# The Unapologetic Mathematician

## Gauss’ Law for Magnetism

Let’s repeat what we did to come up with Gauss law, but this time on the magnetic field.

As a first step, though, I want to finally get a good definition of “current density”: it’s a vector field $J$ that consists of a charge density $\rho$ and a velocity vector $v$, each of which is a function of space. In our example of an infinite line current, this density was concentrated along the $z$-axis, where the velocity was vertical.
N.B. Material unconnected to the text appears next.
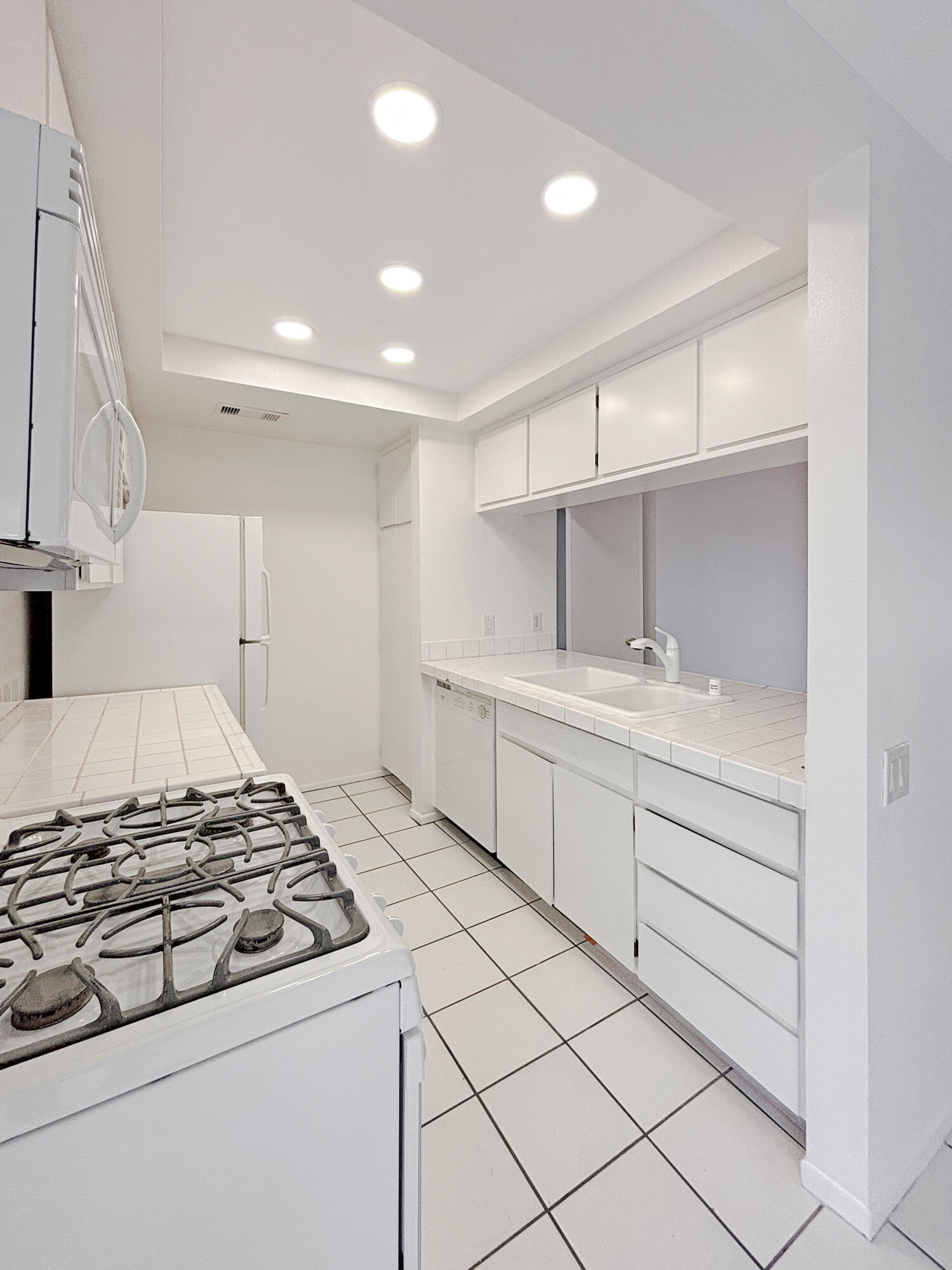 63 Lakeview Circle Cathedral City, CA 92234 - Photo 5 of 15 a bathroom with a sink and a mirror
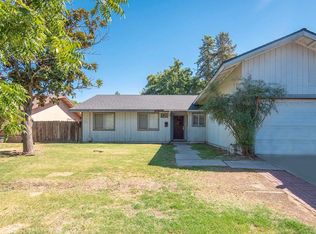 439 W League Ave, Tulare, CA 93274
But it could exist along a surface, or throughout space; a single particle of charge $q$ moving with velocity $v$ is a current density concentrated at a single point.

Anyway, so the Biot-Savart law says that the differential contribution to the magnetic field at a point $r$ from the current density at point $s$ is

$\displaystyle dB(r)=\frac{\mu_0}{4\pi}J(s)\times\frac{r-s}{\lvert r-s\rvert^3}d^3s$

So, as for the electric field, we want to integrate over $s$:

$\displaystyle B(r)=\frac{\mu_0}{4\pi}\int\limits_{\mathbb{R}^3}J(s)\times\frac{r-s}{\lvert r-s\rvert^3}d^3s$

Last time we spent a while noting that the fraction here is secretly a closed $2$-form in disguise, so its divergence is zero. This time, I say it’s actually a conservative vector field:

$\displaystyle\frac{r}{\lvert r\rvert^3}=-\nabla\left(\frac{1}{\lvert r\rvert}\right)$

Indeed, this is pretty straightforward to check by rote calculation of derivatives, and I’d rather not get into it. The upshot is we can write:

\displaystyle\begin{aligned}B(r)&=\frac{\mu_0}{4\pi}\int\limits_{\mathbb{R}^3}J(s)\times\left(-\nabla\left(\frac{1}{\lvert r-s\rvert}\right)\right)d^3s\\&=\frac{\mu_0}{4\pi}\int\limits_{\mathbb{R}^3}\nabla\left(\frac{1}{\lvert r-s\rvert}\right)\times J(s)+\frac{1}{\lvert r-s\rvert}\left(\nabla\times J(s)\right)d^3s\end{aligned}

where the extra term on the second line is automatically zero because the curl is in terms of $r$ and the current density $J$ depends only on $s$. I write it in this form because now it looks like the other end of a product rule:

\displaystyle\begin{aligned}B(r)&=\frac{\mu_0}{4\pi}\int\limits_{\mathbb{R}^3}\nabla\times\left(\frac{1}{\lvert r-s\rvert}J(s)\right)d^3s\\&=\nabla\times\left(\frac{\mu_0}{4\pi}\int\limits_{\mathbb{R}^3}\frac{J(s)}{\lvert r-s\rvert}d^3s\right)\end{aligned}

Indeed, this is clearer if we write it in terms of differential forms; since the exterior derivative is a derivation we can write

$\displaystyle d(f\alpha)=df\wedge\alpha+fd\alpha$

for a function $f$ and a $1$-form $\alpha$. If we flip $\alpha$ over to a vector field $F$ this looks like

$\displaystyle\nabla\times(fF)=(\nabla f)\times F+f\nabla\times F$

Okay, so now we see that $B$ is the curl of some vector field, and so the divergence $\nabla\cdot B$ of a curl is automatically zero:

$\displaystyle\nabla\cdot B=0$

Coupling this with the divergence theorem like last time, we conclude that there is no magnetic equivalent of “charge”, or else the outward flow of $B$ through a closed surface would be the integral on the inside of such a charge. But instead we find

$\displaystyle\int\limits_{\partial U}B\cdot dS=\int\limits_U\nabla\cdot B\,d^3s=0$

January 12, 2012